The idea came to Prakash almost a decade ago, when he was a graduate student. Now, using his expertise in manipulating droplet fluid dynamics, he’s managed to create one of the fundamental components of a computer – an operating clock.
So why is a clock so important? And how can you use water droplets to make one? To answer the first question, consider this: in order to function properly, any computer program requires several operations running simultaneously and in a step-by-step manner. If the clock doesn’t work as it should, the operations can run out of sync, and your computing machine is pretty much useless.

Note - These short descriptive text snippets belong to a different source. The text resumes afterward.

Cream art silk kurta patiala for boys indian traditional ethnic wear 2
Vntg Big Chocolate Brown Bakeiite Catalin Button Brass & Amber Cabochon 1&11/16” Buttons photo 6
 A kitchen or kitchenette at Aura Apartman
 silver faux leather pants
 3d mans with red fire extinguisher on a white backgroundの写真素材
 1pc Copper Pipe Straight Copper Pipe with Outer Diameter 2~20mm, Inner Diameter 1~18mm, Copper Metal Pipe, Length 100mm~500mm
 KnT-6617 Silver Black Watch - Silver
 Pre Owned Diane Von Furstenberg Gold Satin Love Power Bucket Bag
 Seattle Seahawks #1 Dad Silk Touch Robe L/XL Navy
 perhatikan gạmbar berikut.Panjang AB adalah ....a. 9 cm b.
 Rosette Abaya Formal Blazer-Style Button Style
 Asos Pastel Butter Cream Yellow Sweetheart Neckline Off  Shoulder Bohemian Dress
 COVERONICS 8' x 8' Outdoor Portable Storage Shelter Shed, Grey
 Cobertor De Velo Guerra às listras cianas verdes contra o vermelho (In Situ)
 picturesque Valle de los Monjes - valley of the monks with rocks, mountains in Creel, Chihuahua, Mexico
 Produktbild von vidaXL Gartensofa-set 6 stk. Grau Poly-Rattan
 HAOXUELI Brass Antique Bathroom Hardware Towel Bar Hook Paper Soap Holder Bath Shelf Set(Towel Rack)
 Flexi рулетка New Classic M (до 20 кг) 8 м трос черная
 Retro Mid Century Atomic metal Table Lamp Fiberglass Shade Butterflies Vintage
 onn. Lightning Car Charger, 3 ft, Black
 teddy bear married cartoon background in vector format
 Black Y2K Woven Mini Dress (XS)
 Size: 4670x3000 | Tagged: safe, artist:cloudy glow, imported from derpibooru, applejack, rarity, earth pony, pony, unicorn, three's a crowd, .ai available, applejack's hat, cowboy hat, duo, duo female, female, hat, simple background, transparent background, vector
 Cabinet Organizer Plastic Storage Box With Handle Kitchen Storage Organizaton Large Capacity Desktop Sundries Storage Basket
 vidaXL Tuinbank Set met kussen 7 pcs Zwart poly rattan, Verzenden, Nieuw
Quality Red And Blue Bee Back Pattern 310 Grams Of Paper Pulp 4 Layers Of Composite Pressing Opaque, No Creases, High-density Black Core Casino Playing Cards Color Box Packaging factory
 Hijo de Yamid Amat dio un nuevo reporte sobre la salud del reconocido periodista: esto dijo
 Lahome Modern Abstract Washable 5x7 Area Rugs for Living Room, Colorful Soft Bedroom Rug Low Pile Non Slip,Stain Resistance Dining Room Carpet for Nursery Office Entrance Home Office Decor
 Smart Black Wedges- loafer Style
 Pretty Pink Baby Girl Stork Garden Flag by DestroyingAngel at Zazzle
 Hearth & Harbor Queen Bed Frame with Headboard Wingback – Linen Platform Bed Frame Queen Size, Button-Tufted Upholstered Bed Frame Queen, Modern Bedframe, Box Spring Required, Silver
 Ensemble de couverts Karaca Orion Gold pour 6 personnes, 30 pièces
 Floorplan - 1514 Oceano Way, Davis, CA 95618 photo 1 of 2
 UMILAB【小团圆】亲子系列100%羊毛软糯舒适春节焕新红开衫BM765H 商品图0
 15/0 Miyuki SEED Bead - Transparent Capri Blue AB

Now, how do you get drops of water to act like a clock? Prakash and his team needed to make the mechanism easy to operate, but also scalable, ensuring a large number of droplets could be manipulated simultaneously in the future. The solution was to use a rotating magnetic field. The researchers first built an array of tiny iron bars on a glass slide (a setup somewhat reminiscent of a Pac-Man maze). A layer of oil was placed above, and a blank glass slide was then laid on top. Finally, individual water droplets infused with tiny magnetic nanoparticles was added to the mechanism. Now all the scientists had to do was place the setup within a magnetic field generated by system of coils, and periodically flip the field. Every time this happens, the polarity of the bars reverses, drawing the droplets into a different, pre-determined configuration. Each of these flips counts as one clock cycle, and every drop advances exactly one step per cycle.